(Data records)

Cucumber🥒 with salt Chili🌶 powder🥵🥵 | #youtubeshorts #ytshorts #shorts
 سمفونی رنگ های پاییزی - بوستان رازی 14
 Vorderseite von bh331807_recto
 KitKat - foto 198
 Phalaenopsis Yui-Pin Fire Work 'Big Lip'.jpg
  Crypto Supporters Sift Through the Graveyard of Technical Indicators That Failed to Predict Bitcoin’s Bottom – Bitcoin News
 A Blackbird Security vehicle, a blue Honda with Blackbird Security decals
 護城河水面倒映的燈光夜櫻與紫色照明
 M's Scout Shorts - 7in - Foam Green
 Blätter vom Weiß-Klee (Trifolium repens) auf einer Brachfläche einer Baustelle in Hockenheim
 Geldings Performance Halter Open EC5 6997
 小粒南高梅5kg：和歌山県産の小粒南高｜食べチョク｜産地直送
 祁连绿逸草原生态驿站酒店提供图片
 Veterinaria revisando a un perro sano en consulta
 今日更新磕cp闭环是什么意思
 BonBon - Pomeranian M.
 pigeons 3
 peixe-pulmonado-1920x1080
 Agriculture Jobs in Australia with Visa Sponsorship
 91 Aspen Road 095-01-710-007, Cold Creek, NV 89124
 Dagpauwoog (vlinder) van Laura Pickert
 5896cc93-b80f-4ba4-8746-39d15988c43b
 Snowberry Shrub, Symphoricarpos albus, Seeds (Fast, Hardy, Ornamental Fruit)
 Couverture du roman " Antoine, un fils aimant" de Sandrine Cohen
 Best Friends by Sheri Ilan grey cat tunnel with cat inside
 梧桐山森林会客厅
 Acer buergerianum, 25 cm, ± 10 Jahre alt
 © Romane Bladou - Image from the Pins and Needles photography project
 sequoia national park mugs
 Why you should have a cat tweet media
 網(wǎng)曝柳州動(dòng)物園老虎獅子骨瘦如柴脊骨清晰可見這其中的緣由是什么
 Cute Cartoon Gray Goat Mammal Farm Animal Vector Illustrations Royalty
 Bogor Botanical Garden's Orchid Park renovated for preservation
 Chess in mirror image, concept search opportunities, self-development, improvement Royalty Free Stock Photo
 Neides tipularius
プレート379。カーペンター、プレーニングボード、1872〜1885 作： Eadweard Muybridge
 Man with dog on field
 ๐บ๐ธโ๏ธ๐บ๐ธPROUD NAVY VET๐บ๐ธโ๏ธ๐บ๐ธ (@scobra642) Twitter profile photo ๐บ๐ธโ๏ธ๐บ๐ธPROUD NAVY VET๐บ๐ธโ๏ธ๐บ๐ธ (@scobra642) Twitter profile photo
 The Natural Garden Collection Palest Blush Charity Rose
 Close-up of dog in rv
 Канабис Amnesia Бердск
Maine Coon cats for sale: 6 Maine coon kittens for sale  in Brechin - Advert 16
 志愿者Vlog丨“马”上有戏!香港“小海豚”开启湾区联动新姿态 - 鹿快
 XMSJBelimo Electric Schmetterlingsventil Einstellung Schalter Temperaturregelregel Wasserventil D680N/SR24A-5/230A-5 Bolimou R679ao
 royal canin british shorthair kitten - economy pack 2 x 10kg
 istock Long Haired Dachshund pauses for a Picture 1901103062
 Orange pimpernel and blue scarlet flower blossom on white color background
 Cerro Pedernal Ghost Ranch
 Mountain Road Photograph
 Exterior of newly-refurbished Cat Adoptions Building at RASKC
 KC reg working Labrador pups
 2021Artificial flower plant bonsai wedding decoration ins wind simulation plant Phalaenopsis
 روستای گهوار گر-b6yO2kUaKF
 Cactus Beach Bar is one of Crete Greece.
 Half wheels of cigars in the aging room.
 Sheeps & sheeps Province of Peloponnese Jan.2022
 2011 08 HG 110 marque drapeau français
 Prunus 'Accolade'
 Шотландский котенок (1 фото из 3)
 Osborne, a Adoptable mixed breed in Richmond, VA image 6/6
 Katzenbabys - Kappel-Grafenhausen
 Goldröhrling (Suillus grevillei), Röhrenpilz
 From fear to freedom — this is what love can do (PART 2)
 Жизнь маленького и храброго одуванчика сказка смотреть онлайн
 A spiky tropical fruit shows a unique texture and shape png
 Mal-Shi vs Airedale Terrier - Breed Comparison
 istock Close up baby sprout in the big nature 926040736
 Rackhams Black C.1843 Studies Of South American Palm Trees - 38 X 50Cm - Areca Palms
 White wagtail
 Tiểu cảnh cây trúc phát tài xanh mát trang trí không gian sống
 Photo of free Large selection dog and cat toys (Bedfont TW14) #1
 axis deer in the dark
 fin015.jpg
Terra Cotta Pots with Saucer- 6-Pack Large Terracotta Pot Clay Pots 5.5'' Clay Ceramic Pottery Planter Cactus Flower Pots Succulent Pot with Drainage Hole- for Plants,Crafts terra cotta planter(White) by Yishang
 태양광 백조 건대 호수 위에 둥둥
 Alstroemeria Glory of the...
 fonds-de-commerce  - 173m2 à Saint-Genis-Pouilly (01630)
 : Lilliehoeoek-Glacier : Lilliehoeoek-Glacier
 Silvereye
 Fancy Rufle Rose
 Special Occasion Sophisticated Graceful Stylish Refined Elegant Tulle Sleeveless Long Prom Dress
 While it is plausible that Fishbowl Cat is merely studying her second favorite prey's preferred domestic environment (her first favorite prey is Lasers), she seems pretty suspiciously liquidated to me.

# Work request:
All lines above from the line with "網(wǎng)曝柳州動(dò" through the line with "Man with dog on field", both included, are to be set down exactly, with nothing else.

# Result for this task:
 網(wǎng)曝柳州動(dòng)物園老虎獅子骨瘦如柴脊骨清晰可見這其中的緣由是什么
 Cute Cartoon Gray Goat Mammal Farm Animal Vector Illustrations Royalty
 Bogor Botanical Garden's Orchid Park renovated for preservation
 Chess in mirror image, concept search opportunities, self-development, improvement Royalty Free Stock Photo
 Neides tipularius
プレート379。カーペンター、プレーニングボード、1872〜1885 作： Eadweard Muybridge
 Man with dog on field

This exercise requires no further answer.